Project Summary/Abstract
The overall goal of the proposed work is to investigate novel translational ideas about skeletal muscle
performance in the context of the oxygen (O2) transport cascade during exercise in humans. The proposal is
supported by an exceptional mentorship team and will provide the highly promising applicant significant
support in his goal of becoming an independent investigator in translational integrative physiology. The specific
aims leverage the applicant’s expertise in skeletal muscle physiology and the distinct expertise of the
meritorious mentorship team on regulation of blood flow in humans (sponsor, Dr. Joyner), skeletal muscle and
mitochondrial biology (co-sponsor, Dr. Lanza), skeletal muscle imaging techniques (collaborator, Dr. Port) and
hemoglobin (Hb) variants (collaborators, Drs. Hoyer and Oliveira). Specific Aim 1 will test whether high Hb-
O2 affinity will exacerbate skeletal muscle fatigue and reduce skeletal muscle O2 extraction during
fatiguing exercise. We will assess fatigue of the knee extensor muscles during a sustained, 60-s maximal
voluntary isometric contraction and we will assess blood and expired gas concentrations using sequential
blood samples from radial catheters and waveform capnography, respectively. We hypothesize that fatigue will
be greater and O2 offloading at the muscle will be less in people with high Hb-O2 affinity compared to controls.
Specific Aim 2 will test whether high Hb-O2 affinity will exacerbate exercise-induced metabolic
accumulation and increase in perfusion to skeletal muscle. We will assess skeletal muscle bioenergetics
via the accumulation of metabolic by-products produced from anaerobic metabolism (H+, Pi and H2PO4-) and
(simultaneously) perfusion of blood to the exercising knee extensor muscles using interleaved phosphorous
magnetic resonance spectroscopy (31P-MRS) and arterial spin labeling (ASL). We hypothesize that there will
be a greater accumulation of exercise-related metabolites and hyperemic response in patients with high Hb-O2
affinity compared to controls. Specific Aim 3 will test whether physiological adaptations of skeletal
muscle fiber type composition and mitochondrial oxidative capacity occur in people with high Hb-O2
affinity. We will assess skeletal muscle fiber myosin heavy chain expression and mitochondrial oxidative
capacity using histochemical staining techniques (SDS-PAGE and silver staining) and high-resolution
respirometry (Oxygraph-2k and Datlab software), respectively.
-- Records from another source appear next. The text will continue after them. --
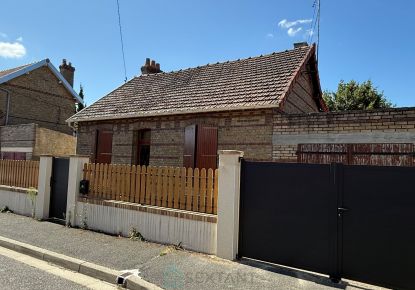vente Maison individuelle Sotteville Les Rouen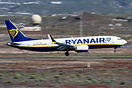 Boeing 737-8-200 MAX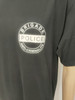 T-Shirt BAC noir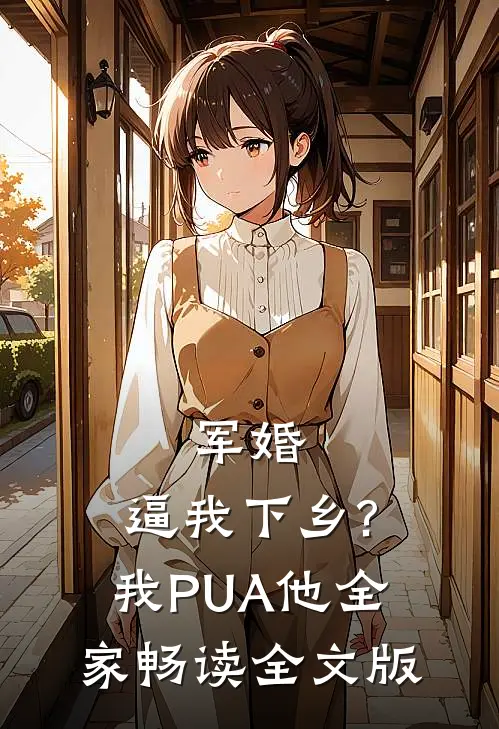 军婚:逼我下乡?我PUA他全家畅读全文版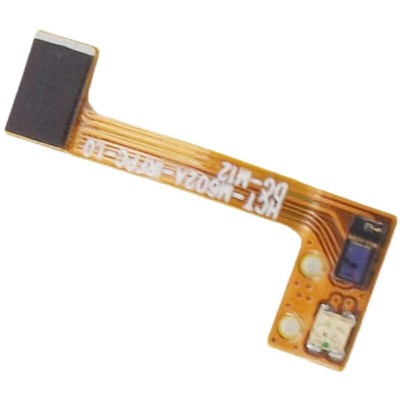 Proximity Light Sensor Flex Cable For Doogee S86 Pro By - Maxbhi Com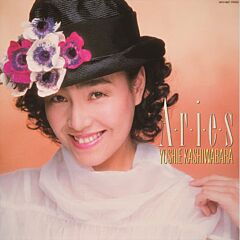 A・r・i・e・s (SHM-CD) (日本進口版)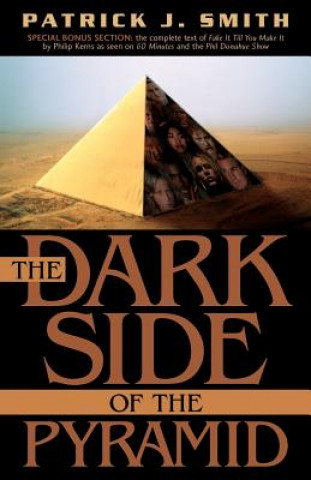 Kniha Dark Side of the Pyramid Smith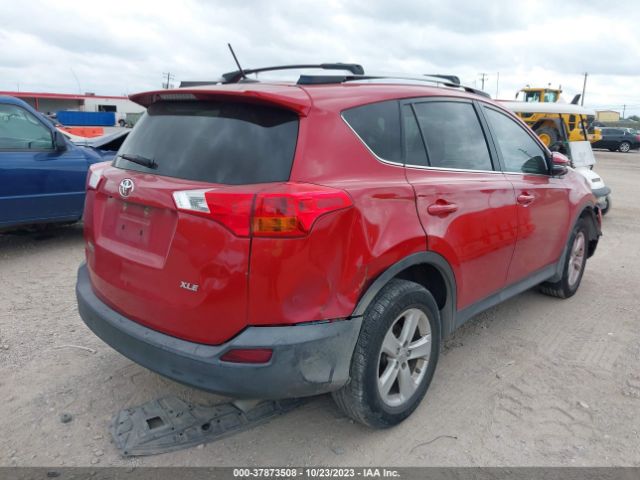 Photo 3 VIN: 2T3WFREV5DW058530 - TOYOTA RAV4 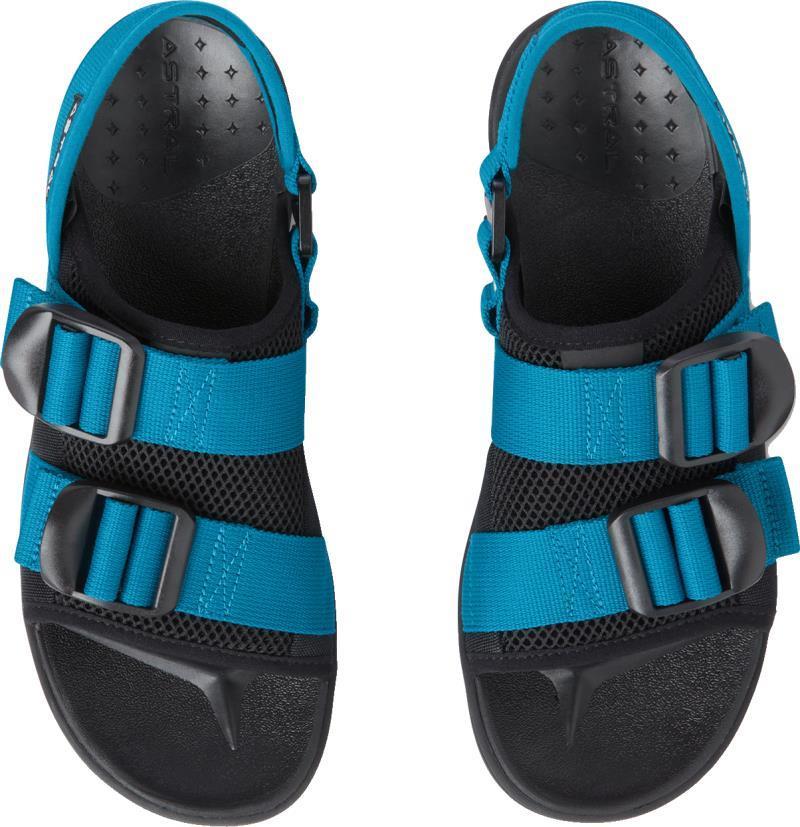 PFD Sandal - Womens - water blue 1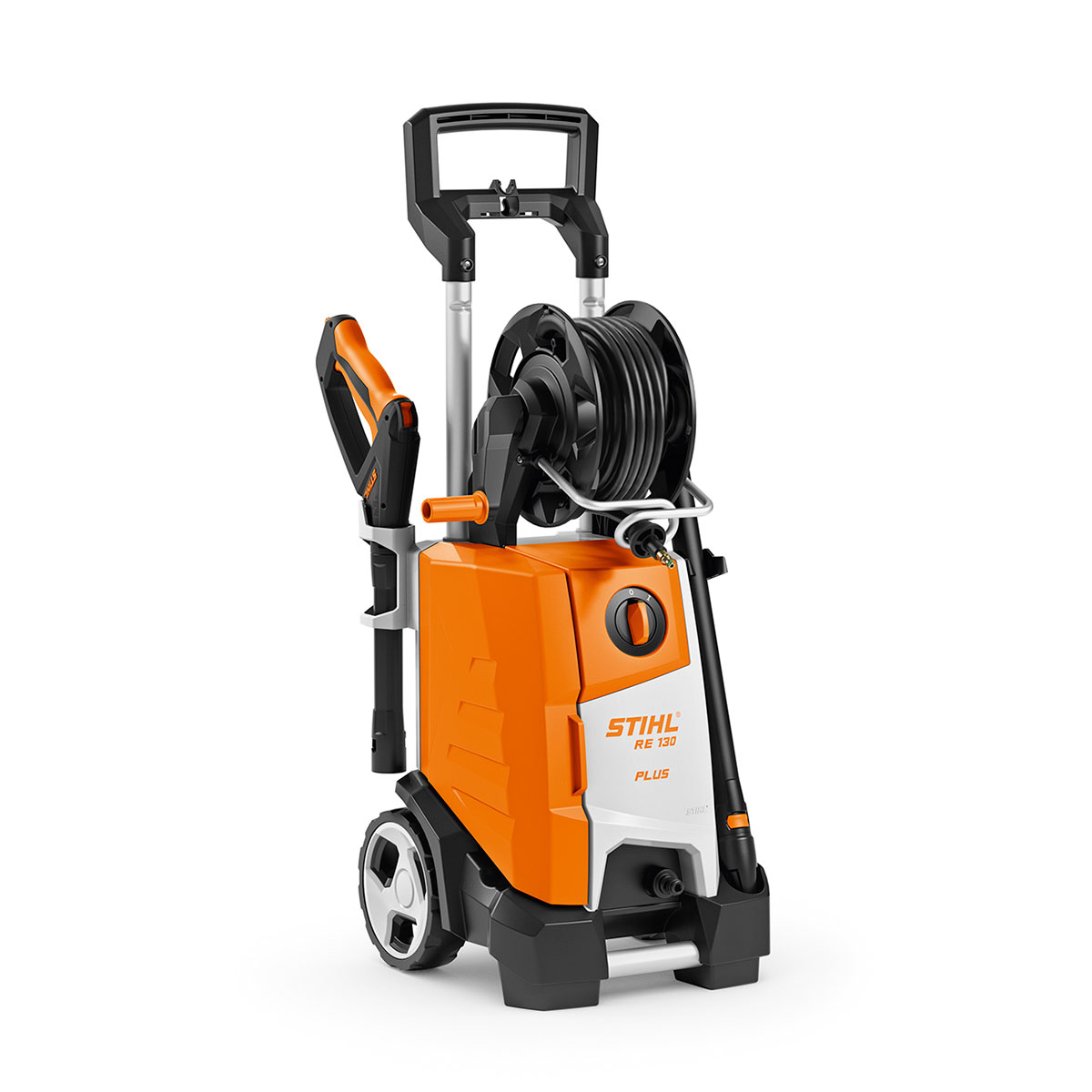 Høytrykksspyler STIHL Re 130 Plus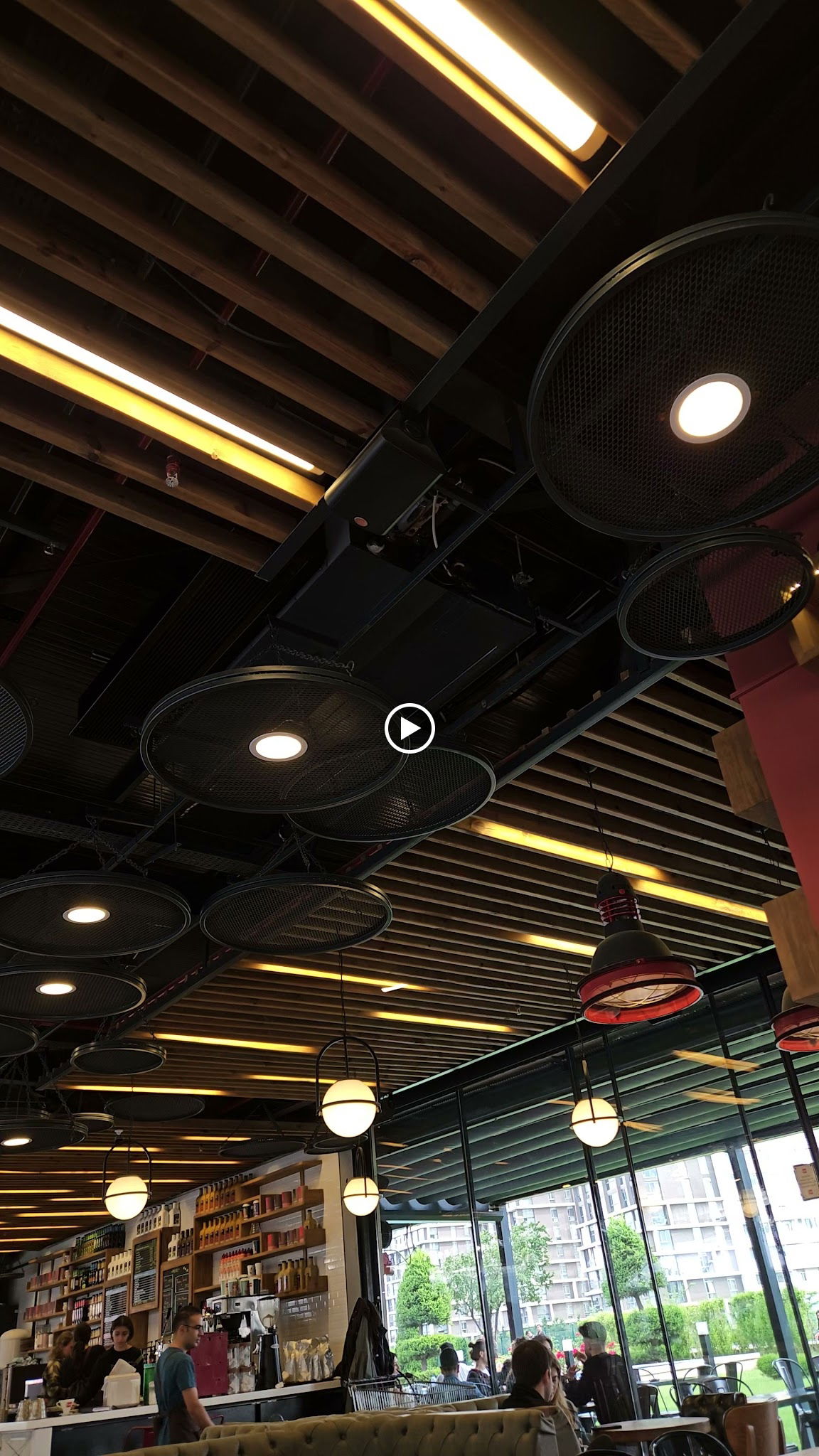 Coffee Lab Batıkent Atlantis Avm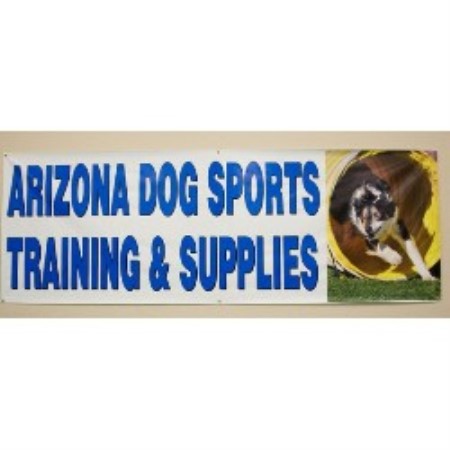 Arizona Dog Sports - Dog Training Phoenix
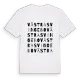 Västra Svingebo ordlek t-shirt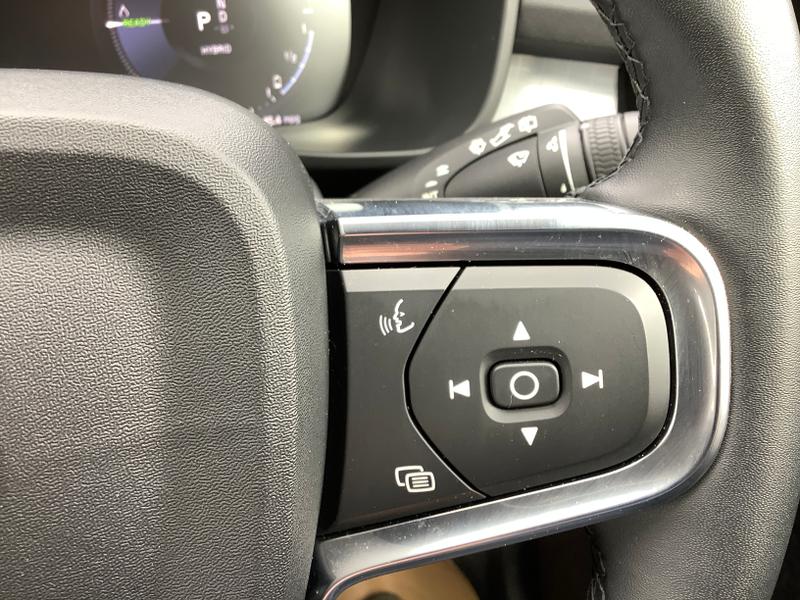 Used Volvo XC40 for sale - 77785524: Photo 16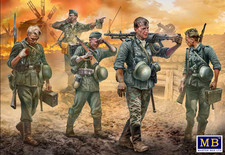 MW22 MASTERBOX 35249 HOT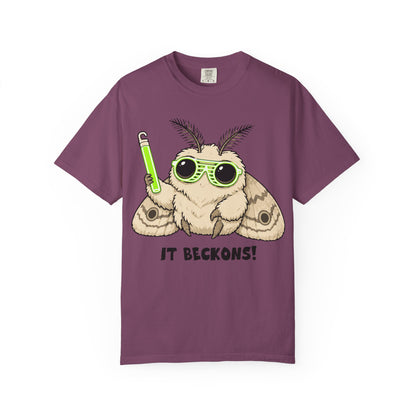 Beckoning Light Graphic T-Shirt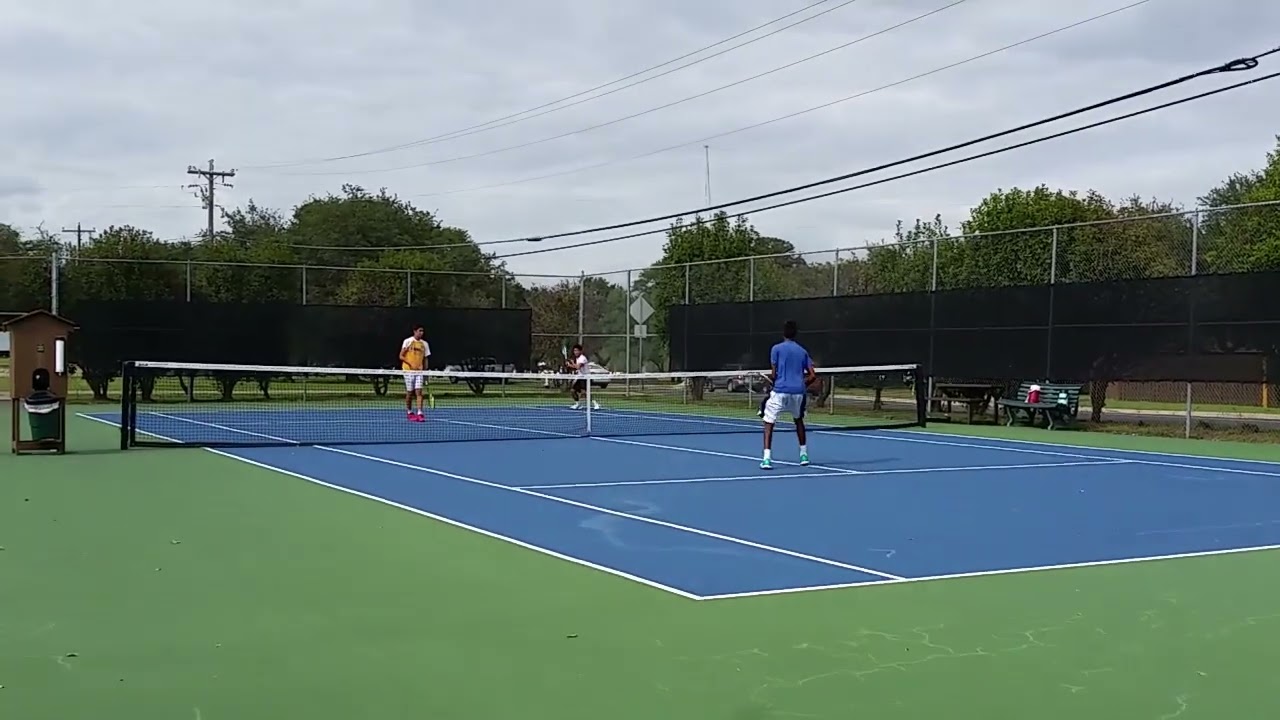 UTR 10 weekend clinic v15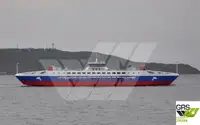 Ro-Ro ship 판매용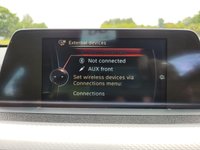 USED 2015 15 BMW 3 SERIES 2.0 320D M SPORT 4d 181 BHP 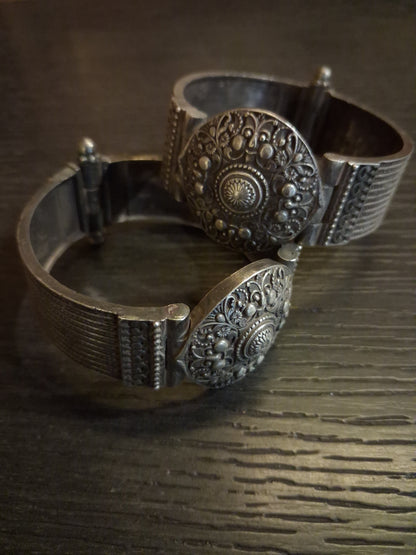 Kirtimukha Bracelet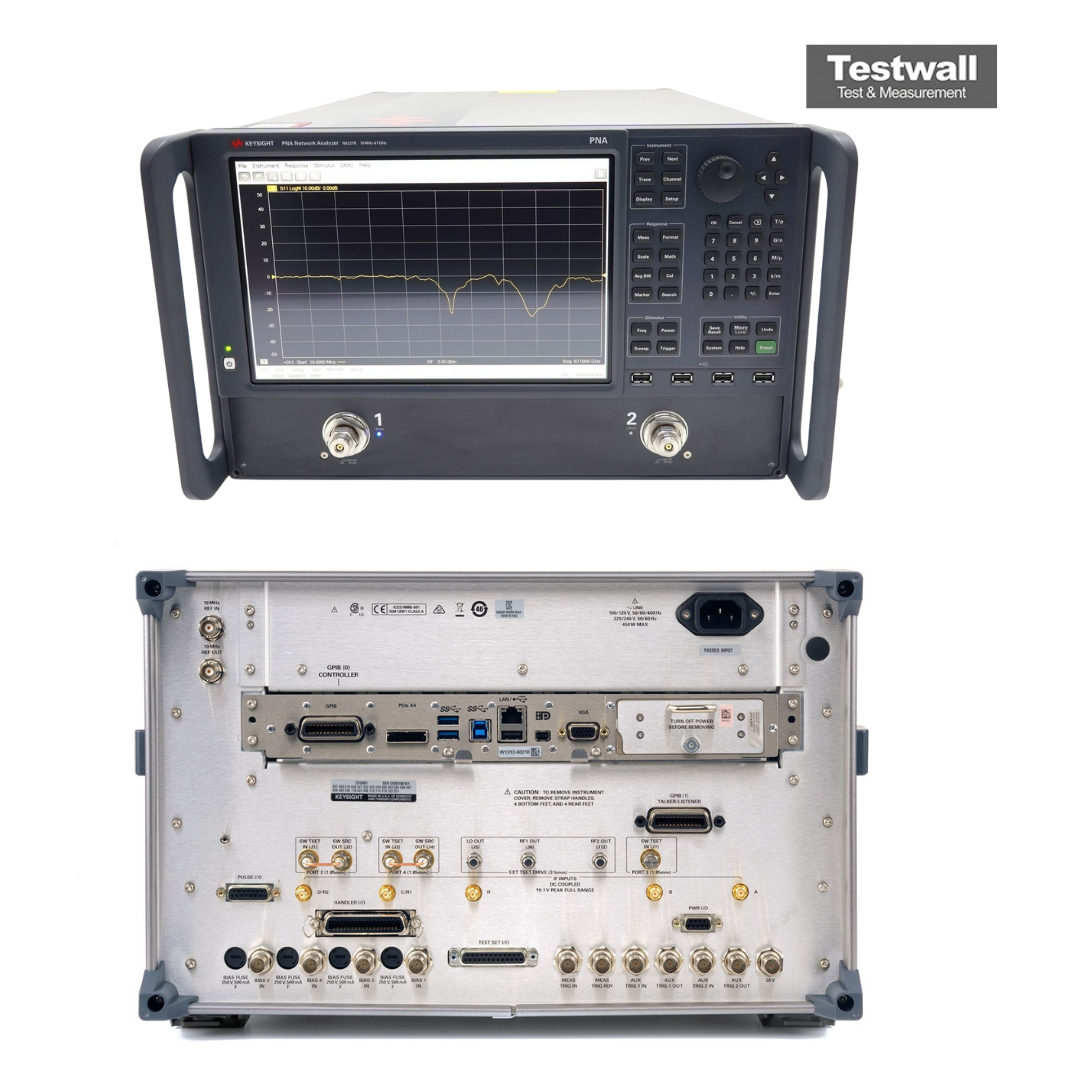 Keysight Technologies N5227B-400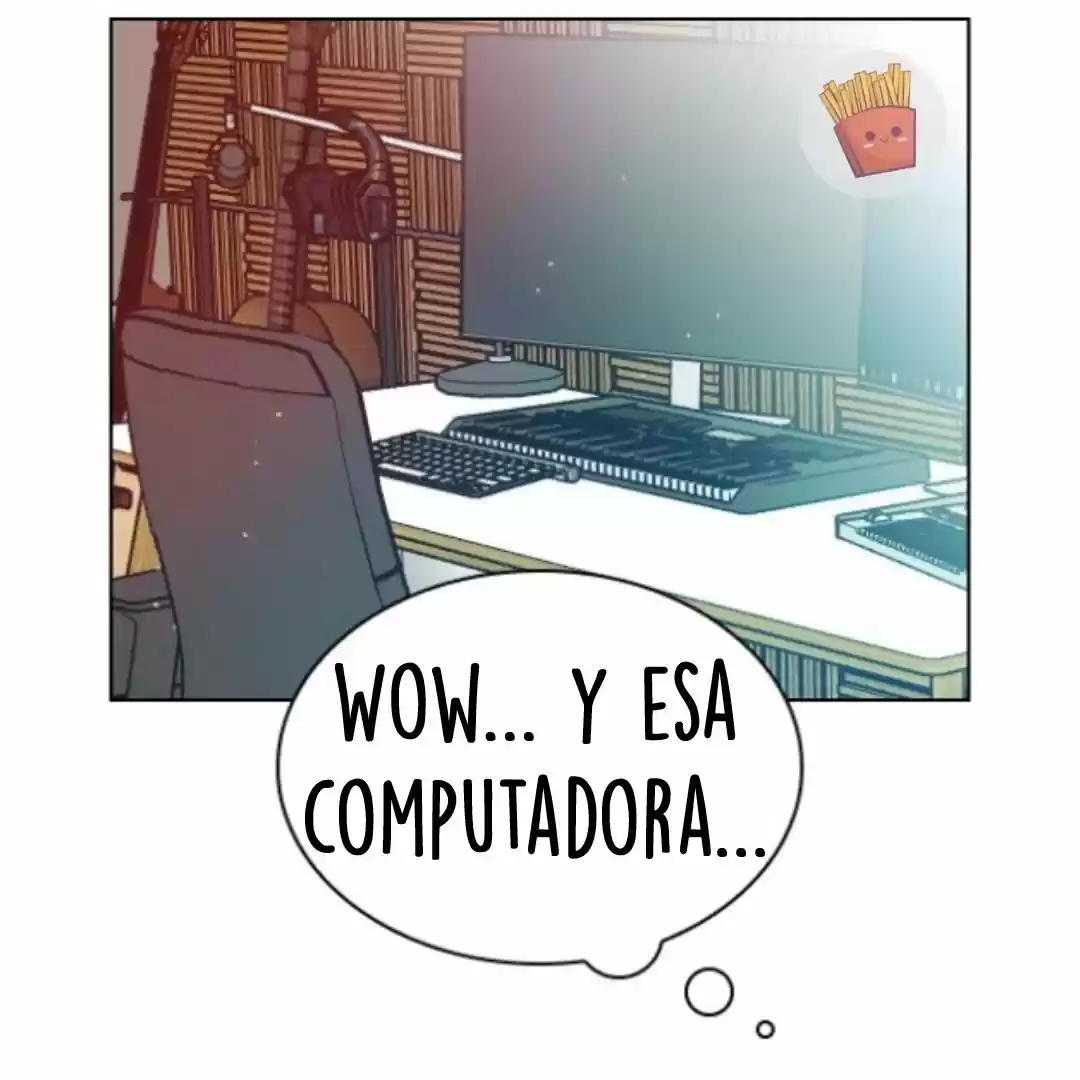 Playlist Secreta - Capítulo 28 - Página 17 - LectorTMOo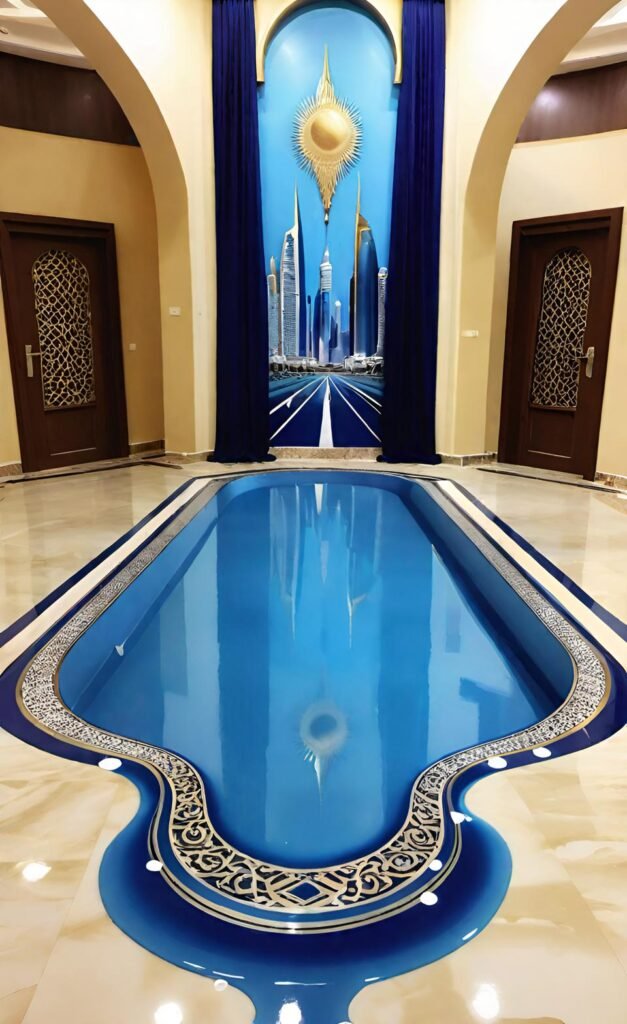 دهان ايبوكسي للسيراميك الدمام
We hypothesize that skeletal muscle fiber
myosin heavy chain expression will be shifted toward higher proportions of glycolytic fibers and mitochondrial
oxidative respiratory capacity will be reduced in people with high Hb-O2 affinity compared to controls. This
proposal will test fundamental concepts related to the O2 transport cascade and exercising skeletal muscle in
humans. The applicant and mentorship team, combined with the extensive resources at the Mayo Clinic,
provide the o...

## Key facts

- **NIH application ID:** 10292937
- **Project number:** 5F32HL154320-02
- **Recipient organization:** MAYO CLINIC ROCHESTER
- **Principal Investigator:** Jonathon Senefeld
- **Activity code:** F32 (R01, R21, SBIR, etc.)
- **Funding institute:** NIH
- **Fiscal year:** 2021
- **Award amount:** $52,170
- **Award type:** 5
- **Project period:** 2020-08-26 → 2022-05-25

## Primary source

NIH RePORTER: https://reporter.nih.gov/project-details/10292937

## Citation

> US National Institutes of Health, RePORTER application 10292937, Skeletal muscle performance and cellular adaptations to high hemoglobin-oxygen affinity (5F32HL154320-02). Retrieved via AI Analytics 2026-05-23 from https://api.ai-analytics.org/grant/nih/10292937. Licensed CC0.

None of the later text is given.